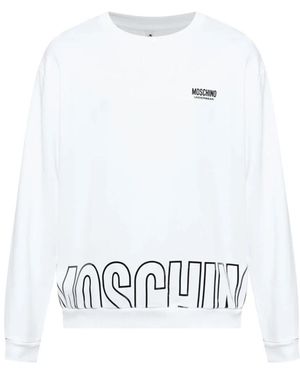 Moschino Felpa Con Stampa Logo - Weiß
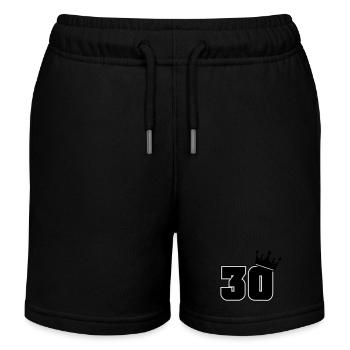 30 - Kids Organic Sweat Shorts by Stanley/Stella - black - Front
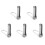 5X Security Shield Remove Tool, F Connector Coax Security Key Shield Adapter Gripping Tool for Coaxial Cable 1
--
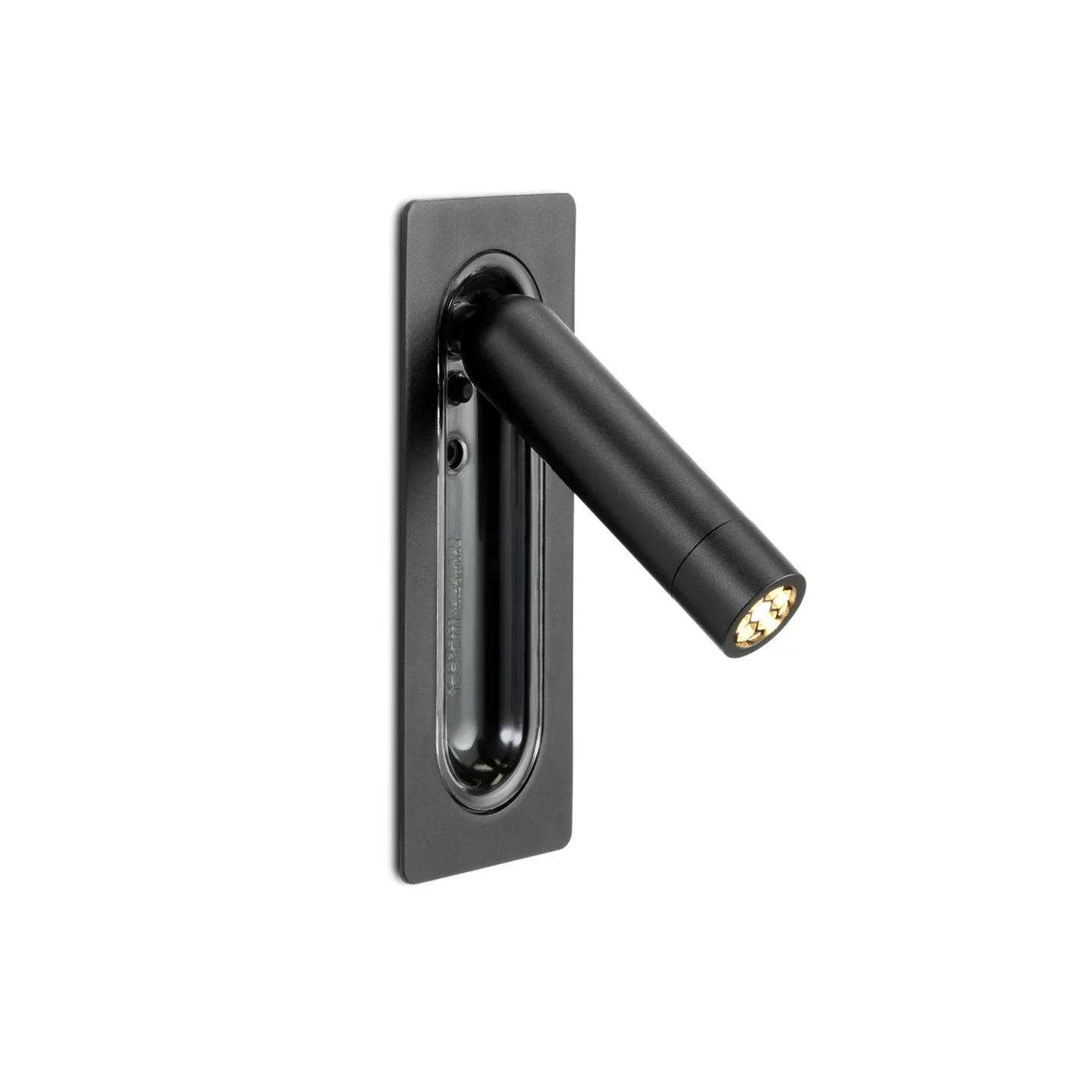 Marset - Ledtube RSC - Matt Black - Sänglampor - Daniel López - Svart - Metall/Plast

— What you need to do —
Start at the line containing "Moschino Felpa Con Stampa Logo - Weiß" above and stop at the line containing "5X Security Shield". Output those lines exactly, both included, but none of the pictures.

— Answer section —
 Moschino Felpa Con Stampa Logo - Weiß
 30 - Kids Organic Sweat Shorts by Stanley/Stella - black - Front
 5X Security Shield Remove Tool, F Connector Coax Security Key Shield Adapter Gripping Tool for Coaxial Cable 1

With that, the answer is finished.